Century of Endeavour

JJ's Last Seanad Speech as a Taoiseach Nominee

(c) Roy Johnston 1999

(comments to rjtechne@iol.ie)

Finance Bill 1954 - Second and Subsequent Stages, July 7 1954: Professor Johnston: I hardly know how to begin my remarks, but I think I will begin by welcoming the distinguished ex-Senator now Minister for Finance. I do not suppose that every member of the House wishes him a long reign over us, but all of us would express our goodwill to him and hope that during his term of office he will be able to produce those financial miracles that the circumstances of the country so much require.

As Minister for Finance it is his function to acquire the means of paying for the public services, but he must never forget that in the exercise of that function he is also an important agent of public economic policy. Every tax and every subsidy has some effect, good or had, in developing or perhaps in perverting the general economy of the nation. That consideration applies especially to the decision to subsidise once more the price of butter, because there is an indirect economic repercussion from subsidising butter, which means, in effect, creamery butter.

Between 1948 and 1951 when the butter subsidy operated there was, indeed, an increase of some 40,000,000 gallons of milk sent to the creameries, but that was balanced by a decrease of nearly 100,000 cwt. of butter produced by farmers on their own farms, the equivalent of some 25,000,000 gallons of milk turned into butter on the farms.

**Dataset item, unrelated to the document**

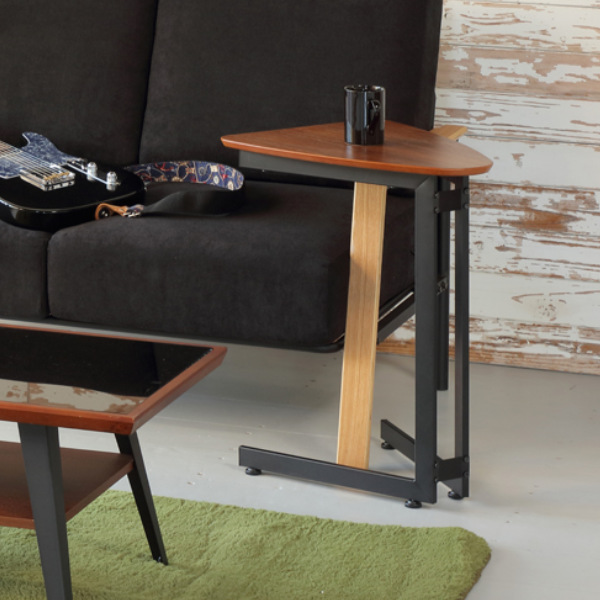 dショッピング |サイドテーブル 高さ62cm DELTA デルタ 木製 天然木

The production of farmers' butter is an important element in the total butter production and consumption in the country, and it is not desirable public policy to discourage the production of farmers' butter. Recently there was a desirable increase in the production of farmers' butter. It was associated with an increased tendency to rear young beef cattle on the farms. An important by-product of that was the production of farmers' butter for sale locally. That, I think, was a thing that we should welcome. I imagine that as a result of this new subsidy that desirable tendency will probably be reversed.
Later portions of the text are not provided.